1-it sounds like you have 2 switches, in 2 different locations, (4 wall switches in all) controlling (or supposed to be controlling) your ceiling fan and ceiling fan light...yes or no ?

2-did you install the ceiling fan yourself ?

3- do you have a multimeter, otherwise called a voltmeter?

4-have you done any household wiring, or electrical work before?

I live in the Netherlands right now, have for the last few years, so our time zone differences may not make this as easy as it could be, however I retired in the U.S. before I moved here, I have been a master electrician, amongst other things since 1970.

If you are interested in going further with this problem, please let me know here, and I will walk you thru fixing the problem. I would much rather fix this kind of problem over the internet, than try and do what the Tech support staff here does in the security forum(s), I really admire their calm, knowledgeable help.:up:


----------



## johnpost (Dec 18, 2005)

paisanol69 said:


> as they say...a picture is worth a thousand words..but unfortunately my wife just woke up, and wants to read the online newspapers...so I am going to insert a wiring diagram in this post, for you to ponder over, ubtil I can get back to you with an explanation of what I drew on the diagram...PLEASE wait until I get back here, before you attempt to do any work on the fan in your house..ok???


 to be clear

paisanol69 posted a diagram of how 2 pairs of 3-way switches
would control the light and fan separately from 2 locations.
it is what you would do in new construction to wire it up
or what this situation might be able to be changed to
(actually what is probably wanted to be changed to).
also that is a wiring diagram and has no meaning as
to its actual physical appearance or where or how you
would place the wires or switches if you were making
that circuit.

it is not an explanation of what qmagic has for a current
situation, that is still partially unknown.


----------



## JohnWill (Oct 19, 2002)

Another way to deal with multiple locations is X-10 switches and remote controls.


----------



## johnpost (Dec 18, 2005)

JohnWill said:


> Another way to deal with multiple locations is X-10 switches and remote controls.
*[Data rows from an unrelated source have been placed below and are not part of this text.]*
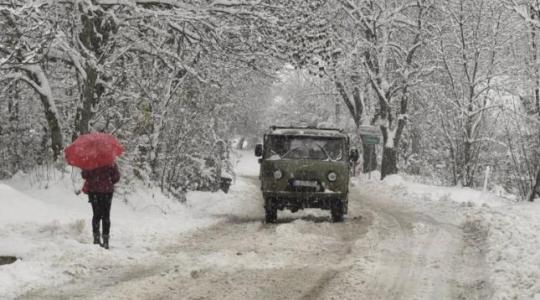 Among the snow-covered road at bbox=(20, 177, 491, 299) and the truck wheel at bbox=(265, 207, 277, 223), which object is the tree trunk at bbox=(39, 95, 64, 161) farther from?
the truck wheel at bbox=(265, 207, 277, 223)

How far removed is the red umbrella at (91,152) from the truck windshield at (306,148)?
5.26 meters

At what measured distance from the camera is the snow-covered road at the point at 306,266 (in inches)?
300

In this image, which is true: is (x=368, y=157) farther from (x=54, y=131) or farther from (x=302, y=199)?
(x=54, y=131)

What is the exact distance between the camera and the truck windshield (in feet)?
48.3

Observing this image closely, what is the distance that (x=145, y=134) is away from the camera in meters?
16.9

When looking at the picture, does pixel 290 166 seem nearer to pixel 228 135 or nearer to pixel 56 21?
pixel 56 21

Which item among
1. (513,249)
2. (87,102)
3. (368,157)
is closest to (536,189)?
(513,249)

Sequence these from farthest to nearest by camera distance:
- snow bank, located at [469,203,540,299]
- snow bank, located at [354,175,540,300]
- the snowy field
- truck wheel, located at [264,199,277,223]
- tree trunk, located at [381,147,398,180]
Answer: tree trunk, located at [381,147,398,180]
truck wheel, located at [264,199,277,223]
snow bank, located at [354,175,540,300]
snow bank, located at [469,203,540,299]
the snowy field

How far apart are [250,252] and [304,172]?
4.33 m

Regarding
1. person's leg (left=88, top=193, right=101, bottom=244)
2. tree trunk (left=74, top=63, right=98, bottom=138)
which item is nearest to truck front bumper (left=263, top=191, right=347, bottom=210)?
tree trunk (left=74, top=63, right=98, bottom=138)

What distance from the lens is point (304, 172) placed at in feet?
46.4

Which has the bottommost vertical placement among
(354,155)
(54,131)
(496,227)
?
(496,227)

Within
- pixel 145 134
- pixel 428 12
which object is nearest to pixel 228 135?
pixel 145 134

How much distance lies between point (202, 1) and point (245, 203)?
7.83 m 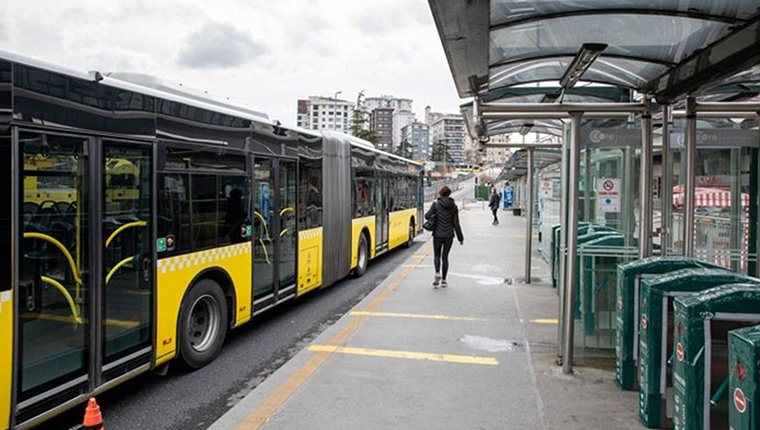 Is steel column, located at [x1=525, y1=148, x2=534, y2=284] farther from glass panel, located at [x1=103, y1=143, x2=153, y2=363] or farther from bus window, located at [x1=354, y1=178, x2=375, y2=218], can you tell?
glass panel, located at [x1=103, y1=143, x2=153, y2=363]

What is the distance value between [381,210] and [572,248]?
8305mm

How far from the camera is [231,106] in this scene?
6.67 metres

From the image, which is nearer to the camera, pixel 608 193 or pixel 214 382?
pixel 214 382

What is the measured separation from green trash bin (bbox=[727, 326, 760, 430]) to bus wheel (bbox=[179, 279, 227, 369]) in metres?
4.36

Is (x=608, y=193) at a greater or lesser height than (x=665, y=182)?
lesser

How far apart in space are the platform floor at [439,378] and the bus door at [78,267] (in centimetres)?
106

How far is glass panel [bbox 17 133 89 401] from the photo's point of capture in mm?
3713

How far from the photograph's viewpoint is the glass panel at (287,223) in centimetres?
762

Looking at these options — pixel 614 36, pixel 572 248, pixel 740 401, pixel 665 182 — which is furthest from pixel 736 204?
pixel 740 401

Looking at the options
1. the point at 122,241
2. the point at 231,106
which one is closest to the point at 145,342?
the point at 122,241

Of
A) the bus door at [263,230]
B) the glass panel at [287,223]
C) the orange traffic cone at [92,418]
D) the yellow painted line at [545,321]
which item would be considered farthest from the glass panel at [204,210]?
the yellow painted line at [545,321]

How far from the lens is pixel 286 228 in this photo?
7781mm

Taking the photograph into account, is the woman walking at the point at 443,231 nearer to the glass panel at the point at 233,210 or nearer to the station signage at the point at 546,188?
the station signage at the point at 546,188

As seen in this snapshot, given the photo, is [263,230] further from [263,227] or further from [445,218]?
[445,218] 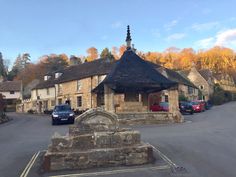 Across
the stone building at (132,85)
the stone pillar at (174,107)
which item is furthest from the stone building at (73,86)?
the stone pillar at (174,107)

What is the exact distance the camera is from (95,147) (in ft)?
33.0

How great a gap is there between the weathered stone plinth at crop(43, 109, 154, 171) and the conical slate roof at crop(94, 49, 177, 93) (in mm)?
14027

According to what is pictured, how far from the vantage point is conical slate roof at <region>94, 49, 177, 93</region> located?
24.6 metres

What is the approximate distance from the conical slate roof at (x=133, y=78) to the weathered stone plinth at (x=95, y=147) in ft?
46.0

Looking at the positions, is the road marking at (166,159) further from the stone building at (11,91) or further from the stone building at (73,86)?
the stone building at (11,91)

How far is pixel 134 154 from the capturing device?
10.0 meters

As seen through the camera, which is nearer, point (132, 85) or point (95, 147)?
point (95, 147)

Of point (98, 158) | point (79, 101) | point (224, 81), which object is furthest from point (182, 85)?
point (98, 158)

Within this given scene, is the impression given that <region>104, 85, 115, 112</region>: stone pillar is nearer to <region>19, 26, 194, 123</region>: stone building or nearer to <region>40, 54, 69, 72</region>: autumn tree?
<region>19, 26, 194, 123</region>: stone building

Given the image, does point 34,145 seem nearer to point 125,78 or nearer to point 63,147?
point 63,147

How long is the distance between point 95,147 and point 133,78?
50.4 ft

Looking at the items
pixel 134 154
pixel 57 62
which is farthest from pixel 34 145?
pixel 57 62

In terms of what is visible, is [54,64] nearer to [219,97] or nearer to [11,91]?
[11,91]

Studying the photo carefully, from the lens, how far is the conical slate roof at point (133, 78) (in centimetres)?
2461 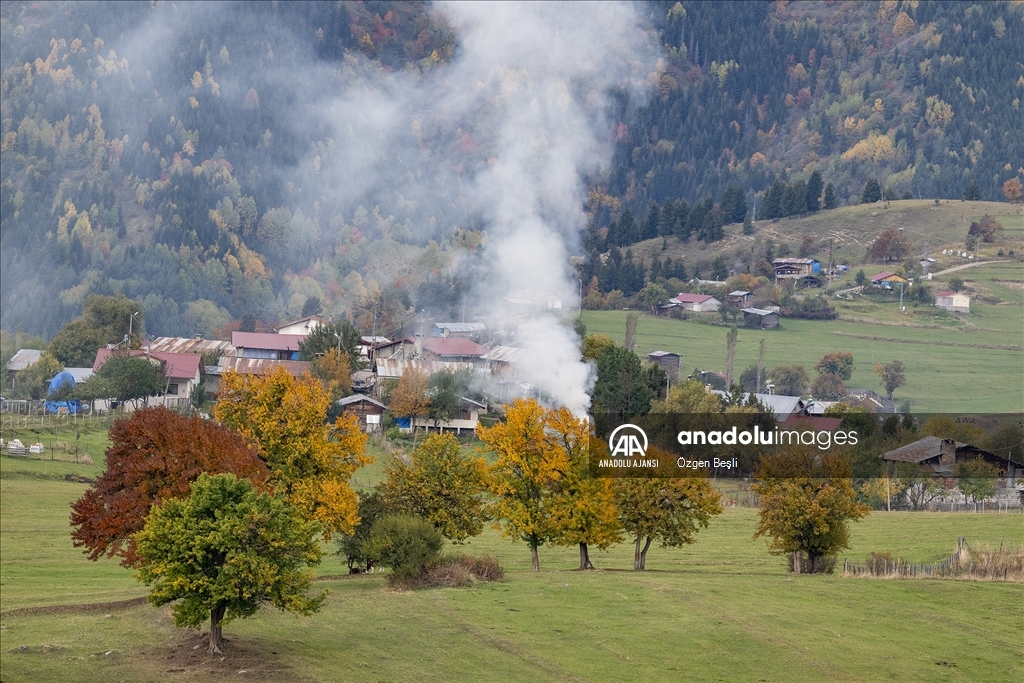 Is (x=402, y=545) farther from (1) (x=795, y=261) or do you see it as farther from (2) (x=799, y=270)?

 x-10 wouldn't be a useful solution to this problem. it would be technology
overkill for what is needed here, all the switches and devices are in
the same room.

depending on the situation qmagic has for his wiring, replacing the
fan/light with one that has a remote control may be the easiest
in time and effort as has been mentioned.

it really depends on how things are wired now, qmagic's skill
and time for doing rewiring and how easy it is to do the rewiring
in his structure.

we are waiting for qmagic to clarify some details to understand
the situation.


----------



## JohnWill (Oct 19, 2002)

johnpost said:


> x-10 wouldn't be a useful solution to this problem. it would be technology
> overkill for what is needed here, all the switches and devices are in
> the same room.


Unless there was difficult wiring issues getting the switches in the desired locations.  I agree if you already have the wiring in place and it's just a connection exercise.


----------



## gmagic (Jan 10, 2007)

gmagic said:


> We have a ceiling fan/light fixture in our family room which has one wall switch at the front of the room and another at the other end of the room. There are also switches for other lighting at each location, but the wiring for the fan/light has me puzzled. The light can not be turned on unless the fan is turned on. However, the fan will run without the light being on. We have the same fixture in other rooms and either the fan or light can be run separately. What should I look for so the light will turn on without the fan running, incorrect wiring at the wall switches or the fan/light fixture?


THANKS TO THE VERY PROFESSIONAL, COMPREHENSIVE AND KIND ADVICE FROM PAISANO 169, MY FAN/LIGHT PROBLEM IS RESOLVED. HE IS DEFINITELY AN ASSET TO SITES SUCH AS THIS.


----------